Together, the extant findings on neurocognitive aging and cognitive enrichment reveal a number of observations that are relevant for our understanding of postural control and gait in aging. First, neuroimaging findings suggest that the health of white matter tracts and functional connectivity between brain regions may be more age-sensitive than volumetric or functional assessments of discrete brain regions. We note that while many earlier studies focused on the relationships between changes in the structure of specific brain regions and their impact on behavioral outcomes like CMDT, more recent work emphasizes the connections across networks; structural changes in the PFC, for example, may reverberate across a relatively large attention network that extends beyond the PFC. Second, age-related dedifferentiation, coupled with compensatory scaffolding, suggests that there may be qualitative differences in neural activation and behavioral strategies exhibited in young versus older adults. Third, cognitive training research suggests that targeting specific EFs, and including a flexibility or variable-priority component, yields the broadest transfer to untrained cognitive skills. However, an important qualification is that, following the principle of neural overlap, training efficacy apparently depends on the degree of neural similarity between trained and untrained skills. Similarly, the degree of interference observed during dual-tasking should depend on the degree of competition for common neural structures.

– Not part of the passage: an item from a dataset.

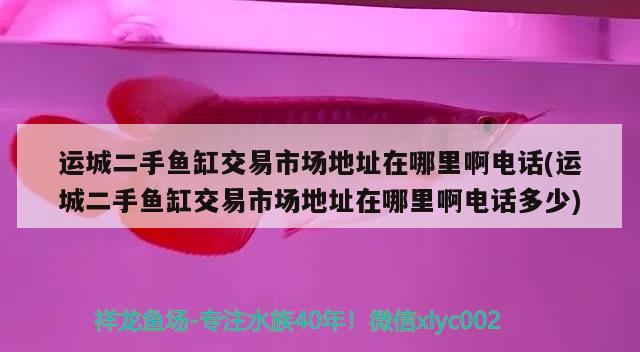 運城二手魚缸交易市場地址在哪里啊電話(運城二手魚缸交易市場地址在哪里啊電話多少) 鸚鵡魚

We turn next to recent findings in cognitive-motor dual-tasking and aging, focusing on the neural underpinnings of single-task gait and balance as well as CMDT. The fact that CMDT induces activation of cognitive and motor networks simultaneously, both networks that share common pathways as well as very specific pathways, enables the examination of their vulnerability during cognitive-motor interference and the compensatory mechanisms that are called into play with aging.
Cognitive reduction: cognitive-motor dual-tasking (CMDT)
The ability to divide attention between cognitive and motor activity has been examined in efforts to quantify the amount of cognitive capacity recruited for motor functioning (8, 69). CMDT designs typically contrast a balance or walking task performed alone (single task), versus the same motor task performed with a concurrent cognitive task (e.g., talking, mental arithmetic). This comparison forms the basis for the calculation of dual-task costs (DTCs: [single - dual task]/single), which indicate the degree of performance decline or cognitive recruitment that is prompted by the secondary task. Cognitive recruitment to aid motor performance is presumed to reduce the already limited cognitive capacity that can be devoted to a concurrent cognitive task in old age (28, 48).
Briefly, the behavioral CMDT research on postural control shows that age-related DTCs are exacerbated by a variety of factors such as postural threat (70), reduced sensory inputs (71), platform perturbations (72), and concurrent visual imagery (73). Similarly, in studies of gait, age-related increases in DTCs are observed when walking over obstacles (74), and with increased complexity of walking (75). Simple cognitive loads may elicit dual-task motor facilitation relative to no-load conditions, while more complex cognitive loads elicit proportionately greater costs in postural stability (76) and in an array of spatiotemporal gait parameters (77). In light of the known frontal recruitment associated with age-related sensory decline, it is perhaps not surprising that additional competition for cognitive capacity is observed when auditory challenges are experimentally imposed on dual-task walking (78) and dual-task balance (79), or when older adults with hearing impairment undergo CMDT (80).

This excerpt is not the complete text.